Personal Background and Closing
Evan Kirstel: Great advice. We’re halfway through the year—I can hardly believe it! What are you up to in the second half? Any travel or events beyond the summer? What’s on your radar?
Jim Olsen: We’re attending a whole bunch of different things. Honestly, I don’t even know all of them because I don’t go to every single one. We just recently went to the CHAI conference at Stanford, talking about AI usage in healthcare.
We’ve got CDAO conferences we’re going to, constantly doing webcasts, and we do our own webinars. I just presented one last week on Agentic AI and what we’re doing there.
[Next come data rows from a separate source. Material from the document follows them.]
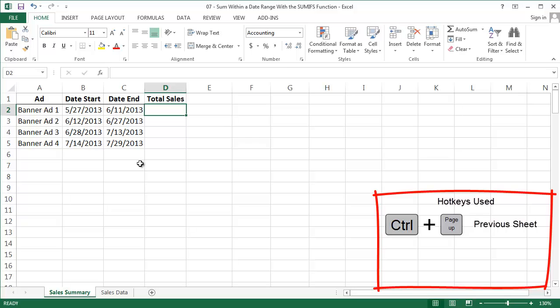I need to use the SUMIFS formula to do this because I need to sum with two criteria. Namely that one, the transaction occurs on or after the date start, and two, the transaction occurs on or before the date end.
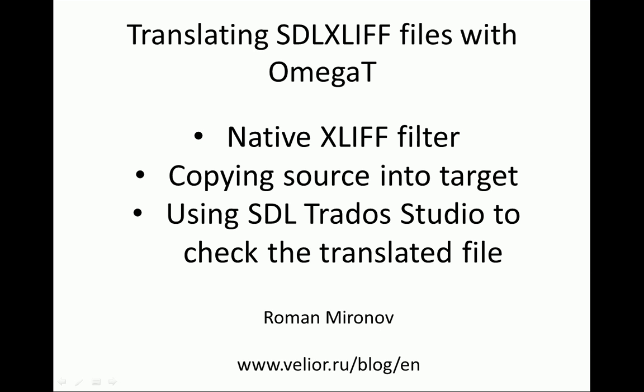Hello, my name is Roman Mironov. Welcome to this video about translating SDLXLIFF files with OmegaT.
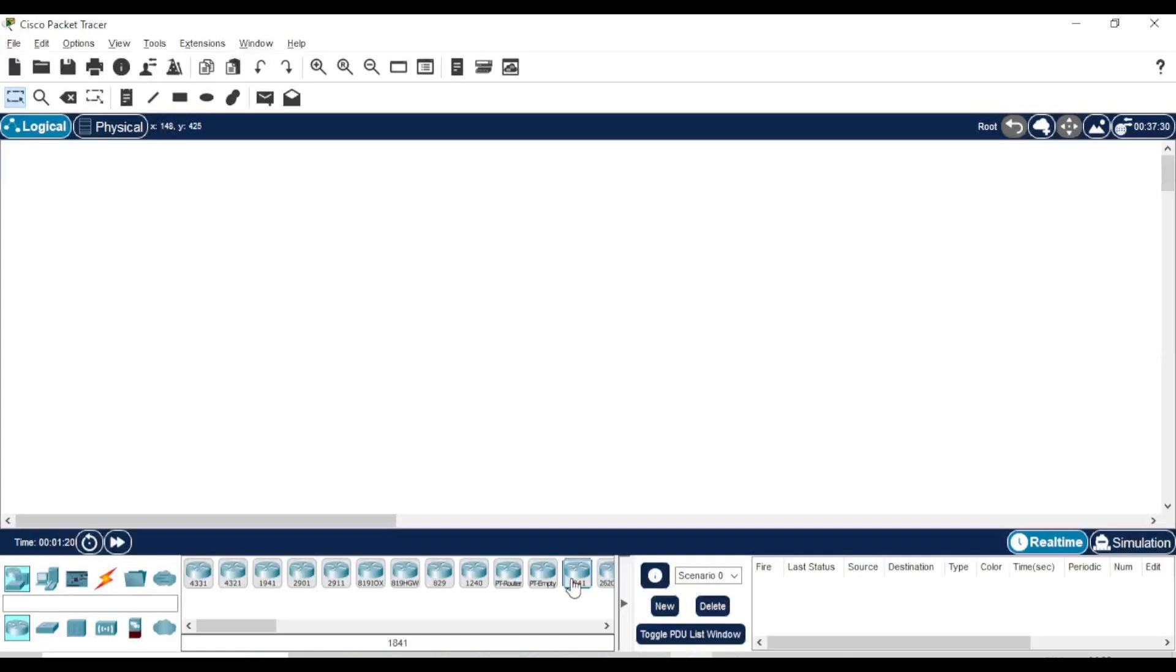Hello guys. In today's video, I'm going to show you how to configure a basic VLAN network in Cisco Packet Tracer.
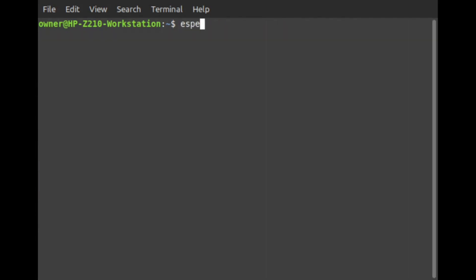Type in eSpeak, followed by two quotation marks, or inverted commas. In between the inverted commas, type the text you wish to hear spoken out loud.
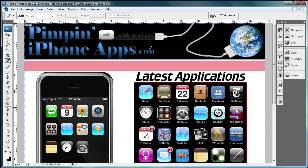Welcome to this tutorial brought to you by River City Graphics. Today I'm going to be showing you how to slice a Photoshop document for use on the web.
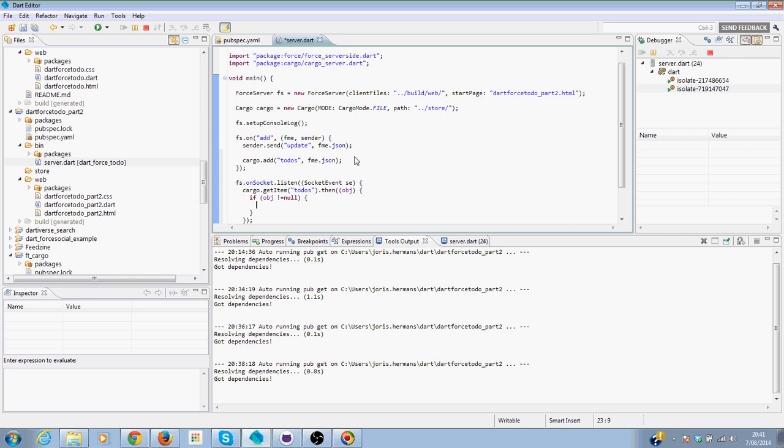And then we can iterate over all the items.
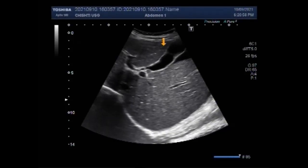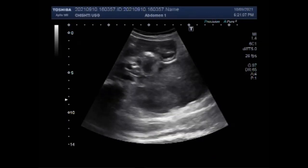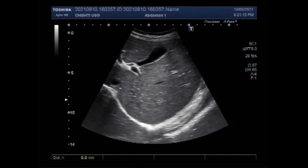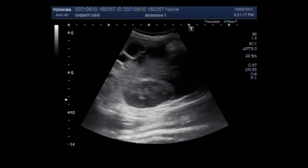Dear viewers, I hope you are all fine. This video shows a case of hemoperitoneum with intestinal obstruction. You can see the liver, gallbladder, and fluid seen along the hilum of the liver.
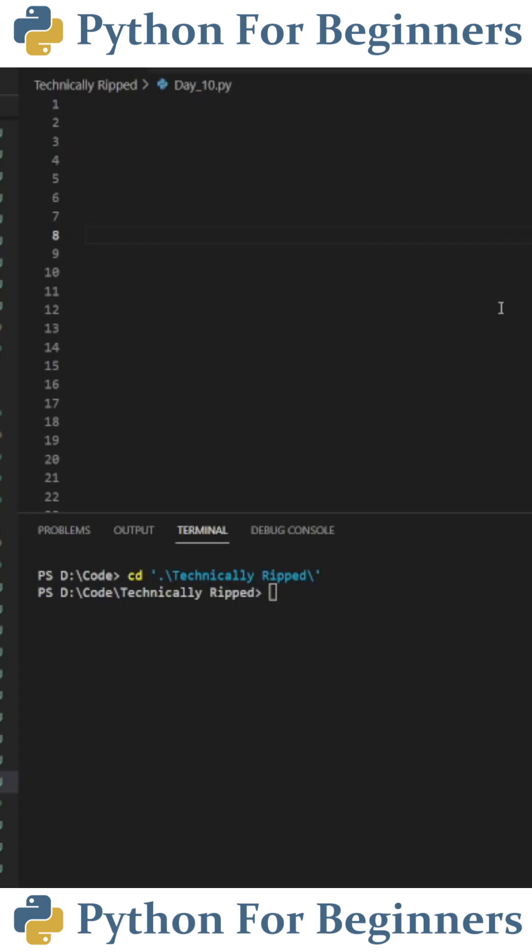Now I know that sounds confusing but let's look at this example. Let's say x is equal to zero and while x is less than or equal to 10 we're going to print x.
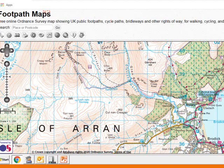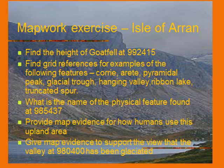I have some questions on the next slide that I'd like you to have a go at. Question one is finding the height of Goat Fell — there's a grid reference to help you. Question two is finding some of these features; you don't have to find them all — maybe try and find a corrie, a glacial trough, perhaps even an arête. Try and find the physical feature at that grid reference and some map evidence about how humans use this area. What evidence is there that the valley at that grid reference has been glaciated? Good luck — try and work them out first and then we'll go through the answers together.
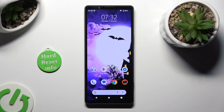Hi, in front of me is the Sony Xperia 5 Mark 5 and today I would like to show you how you can manage auto-correction.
A lot is still virtual nowadays, but we’re also doing in-person events with conferences that are starting to pick up.
We’re really participating everywhere in a lot of different things. Usually, this is such an iterative space that things come up—you never know where you’re going to go next week, potentially.
Evan Kirstel: Exactly. Speaking of virtual, I’m admiring your real background, not a virtual one. What’s up for the summer in Colorado? Any hiking, fishing, hunting, or birdwatching? What do you get up to there in the woods?
Jim Olsen: Yeah, the wildlife we get to watch right from the deck. We see moose, elk, marmots—everything comes right up. Personally, we have 14 acres here, and there’s a lot of beetle-kill trees, so I’m always working on cleaning that up.
I don’t need a gym membership—I get my workout moving trees around. We also get out into the woods for hiking, take our UTVs around, and just enjoy nature where we can.
Evan Kirstel: Fantastic. Well, thanks for joining and taking some time away from all that. Congratulations on all the success—onwards and upwards!
Jim Olsen: Absolutely. Thank you for taking the time to talk with me today. I really appreciate it.
Evan Kirstel: And thanks everyone for listening, watching, and checking out our new TV show at techimpact.tv, now on Bloomberg and Fox Business. All right, take care.